Thanks, I think this is a welcome feature.  Please see a few comments
below.  I will send you the form for copyright assignment off-list.

> +@node Balanced Fill
> +@subsection Balanced Filling

I find this subsection too detailed and lengthy.  I'm not sure we want
to describe all the customizable options that users can customize,
just the main ones.  Assuming the default values are chosen well,
chances are that most users will not need to customize too many of
them, and therefore the manual doesn't have to describe them; we just
need to mention that several more options are available, and perhaps
have a special group for them for easier discoverability.  WDYT?

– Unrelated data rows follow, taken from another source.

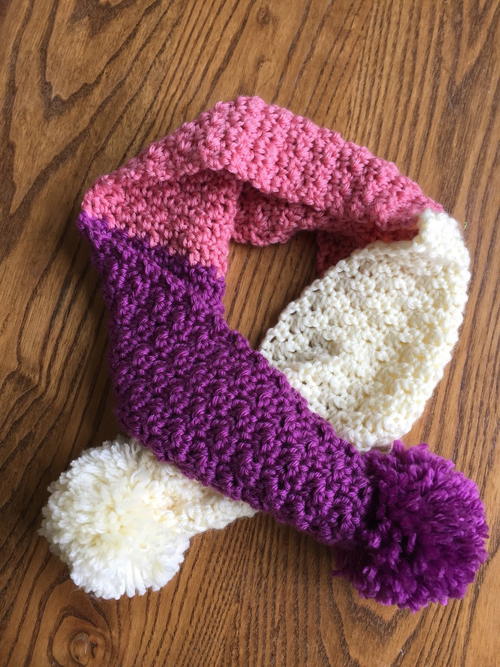 Sweet As Can Be Pompom Scarf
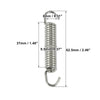 Exhaust Pipe Spring Hook 58mm 2.28" Stainless Steel Silver Tone 1 Pc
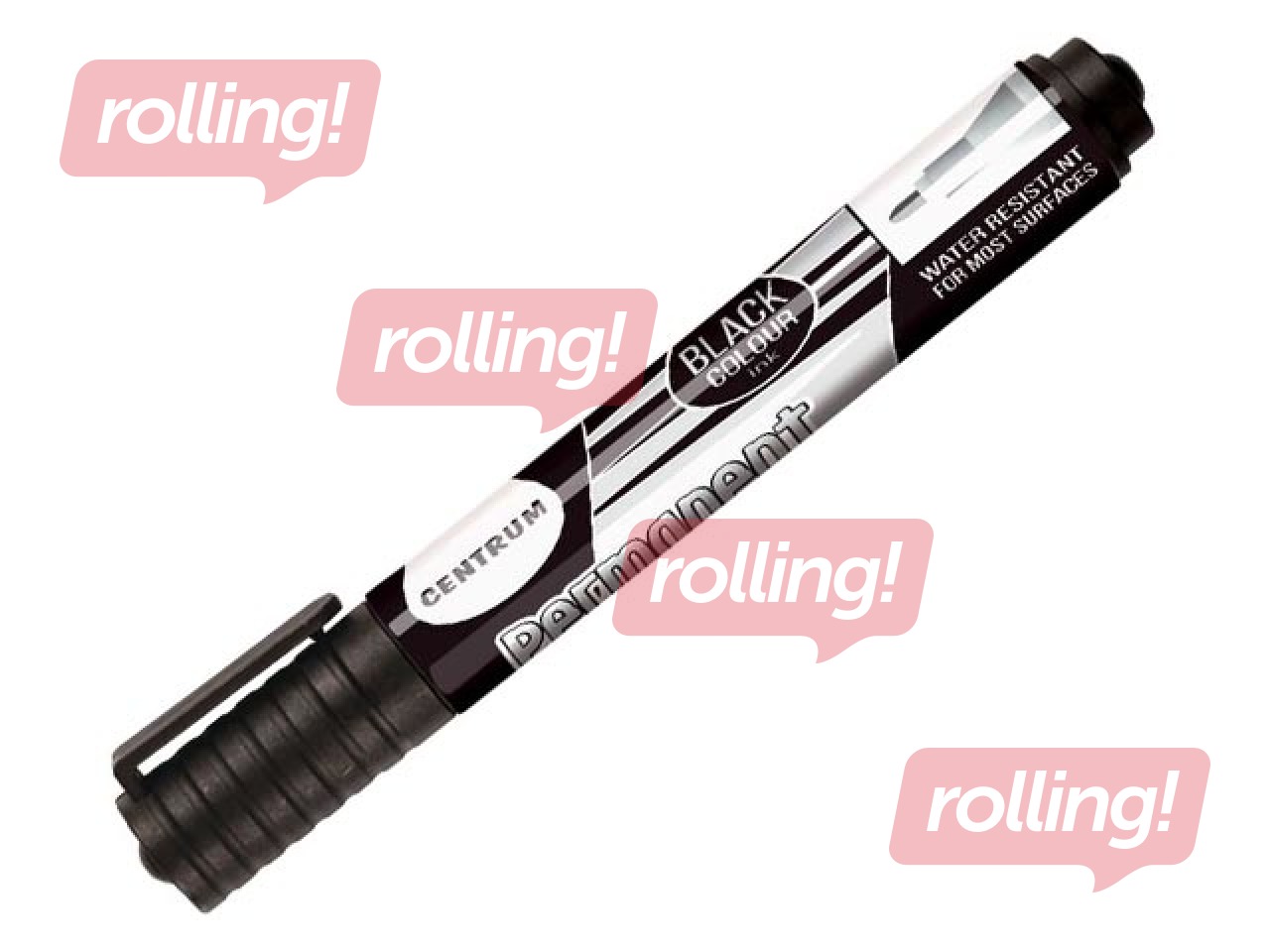 Permanent marker Centrum, round, black, 2-5mm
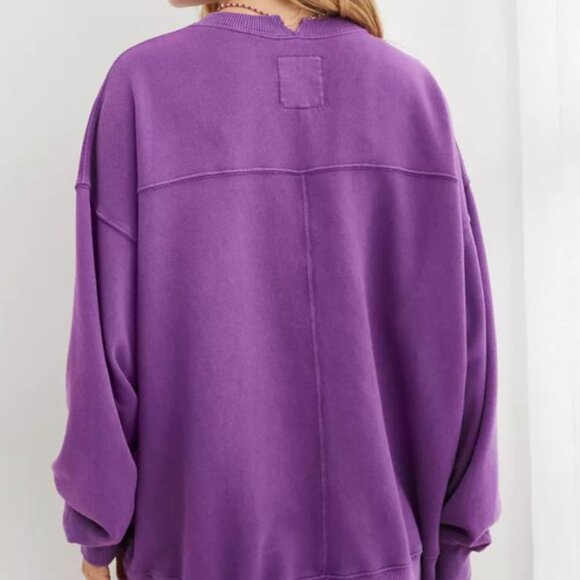Aerie The Chill Oversized Sweatshirt - M - Pure Purple - Picture 1 of 9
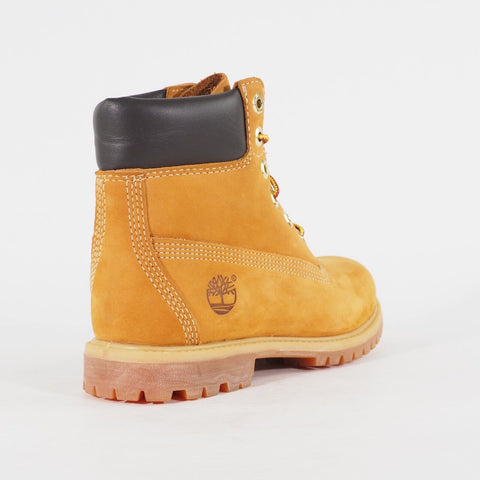 Womens Timberland 6 Inch Premium 10361 Wheat Leather Lace Casual Walking Boots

My other concern about the documentation is that it seems to describe
the feature in a way that is too technical and uses terminology from
the field of optimizations.  I'm afraid that users without background
in optimizations will have difficulty understanding some of the
options.  Can you try describing this in a less formal manner, so as
to make it easier to understand?

> +  For example, if @code{fill-column} is 60 and balanced filling is
> +disabled then the greedy algorithm will fill the following paragraph
> +like so:
> +
> +@smallexample
> +"It's not too far-fetched to say that the best programs are
> +the ones written when the programmer is supposed to be
> +working on something else...  Very good things happen when
> +management is enlightened enough to appreciate the
> +importance of allowing programmers some free time for
> +projects of this sort."  --Melinda Varian
> +@end smallexample
> +
> +@noindent
> +while enabling the balanced filling will instead produce the following
> +with slightly shorter but more even line lengths:
> +
> +@smallexample
> +"It's not too far-fetched to say that the best programs
> +are the ones written when the programmer is supposed to
> +be working on something else...  Very good things happen
> +when management is enlightened enough to appreciate the
> +importance of allowing programmers some free time for
> +projects of this sort."  -- Melinda Varian
> +@end smallexample

This example is too long.  I suggest to find a shorter one.  I think
an example with 3 lines should be enough to explain the feature.

> --- a/etc/NEWS
> +++ b/etc/NEWS
> @@ -53,6 +53,12 @@ trash when deleting.  Default is nil.
>  \f
>  * Editing Changes in Emacs 30.1
>  
> +** Filling can now try to break lines evenly.
> +The new user option 'balanced-fill-mode' can be set to non-nil to
> +make filling consider the entire paragraph at a time and try to
> +place line breaks optimally to look more neat and even, according
> +to a cost function.  This is inspired by the Knuth-Plass algorithm.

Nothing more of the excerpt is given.